「プログラミング環境特論」イントロダクション
プログラミング環境とは?
「プログラミング環境」とは何であろうか?この用語はあまり単独で用いられることは少ない。たとえば、「Javaプログラミング環境」とか「Unixプログラミング環境」「ARMプログラミング環境」というように、言語、オペレーティングシステム、プロセッサなどをつけて、用いられることが多いようである。「Javaプログラミング環境」といえば、Java言語を用いてプログラミングするための言語処理系、デバッカ、ライブラリなどのことを意味するし、「ARMプログラミング環境」といえば、ARMというプロセッサを使うためのプログラミングのソフトウエア群を意味する。コンピュータはプログラムを実行する機械であり、そのためのプログラミングをするためのソフトウエア群が必要である。これらのソフトウエア群がプログラミングのための「環境」を構成する。プログラミング環境を構成するソフトウエアとしては以下のような要素がある。
l プログラミング言語(アセンブリ言語の場合もある):どのようなパラダイム、モデルでプログラムをするか(たとえば、オブジェクト指向)
l コンパイラあるいはインタプリタ、すなわち言語処理系:どのようなエラーメッセージをだすのか、あるいはどの程度最適化するか。
l アセンブラやリンカなど、基本ソフトウエア
l プログラムを作成するためのエディタなどのツール、あるいはvisualプログラミングの場合は、グラフィックインターフェース
l プログラムを正しく動作させるためのデバッカ、性能を改善するパフォーマンスツール
l ライブラリ
l オペレーティングシステム(コマンド群)、そのインタフェース(システムコール群)
これらのソフトウエアは、コマンド群である場合もあるし、windowsのvisual Studioのような統合ツールとして提供される場合もある。
プログラミング環境の目標
プログラミング環境の目標は開発したいソフトウエアシステムを
Ø わかりやすく: programming model
Ø 手間をかけずに(楽に): programming cost
Ø 間違いなく(正しい): correctness
Ø 効率的な(速い): efficiency
プログラミングできるようにすることである。わかりやすさは、個々のプログラミング言語だけでなく、その言語が提供するプログラミングモデルが大きく影響する。たとえば、現在重要な技術であるオブジェクト指向プログラミングモデルは、Java、C++、など多くのオブジェクト指向言語のモデルであり、プログラミングのしやすさ、わかりやすさに大きく影響する。また、言語が提供する機能を単に理解するだけでなく、エラーの少ない正しいプログラミングするためには、モデルにもとづき、プログラミング言語を正しくつかうことが必要であり、それは「原則」principalというべきものを理解する必要がある。
「プログラミング環境」を論ずる確固たる理論があるわけではない。
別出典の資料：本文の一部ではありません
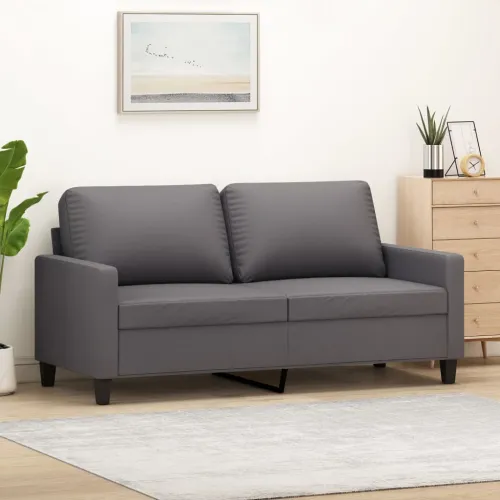 Dvosjed od umjetne kože 140 cm – sivi - Siva 140 cm Cijena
開発するプログラム、あるいは言語によりさまざまな「プログラミング環境」がある。しかし、これまで様々なシステムがあり、様々なプログラムが開発され、そこにはそのためのプログラミングを支援するプログラミング環境が提供されてきた。そこには、共通する「原理」あるいは「モデル」をいうべきものがあり、それらを汲み取ることが大切である。
講義の内容
この講義では、いくつかのプログラミング環境を取り上げ解説する。以下の項目を予定している。
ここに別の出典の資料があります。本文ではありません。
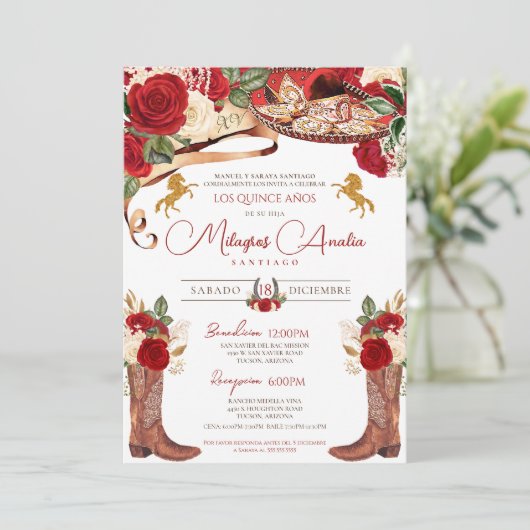 Invitation Ruby Red Rose Fancy Western Charra Quinceanera (Debout devant)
Ø オブジェクト指向プログラミングの基礎:JavaとC++
Ø オブジェクト指向プログラミングでのデザインパターン
Ø Javaプログラミング環境:JavaBeans
Ø Java分散オブジェクト指向プログラミング環境:JiniとRMI
Ø 並列プログラミング環境:MPIとOpenMP
Ø Gridプログラミング環境:Globus
はじめに、重要なプログラミング技術であるオブジェクト指向プログラミングを中心に進める。その後、分散プログラミング、並列プログラミングについて解説する。分散並列システムでのプログラミングは、通常の逐次環境よりも数段に複雑であり、プログラミングのためのプログラミングモデル、環境が必要となる。
毎回の講義のはじめに、その講義の内容に関する資料を配布する。この資料は、
http://www.hpcs.is.tsukuba.ac.jp/~msato/lecture-note/
にて、公開する。
参考書、文献等については、そのつど、紹介する。
質問に関しては、
prog-env-lecture@hpcs.is.tsukuba.ac.jp
で、随時、受け付ける。
成績評価については、全講義終了後、レポートの提出により、評価する。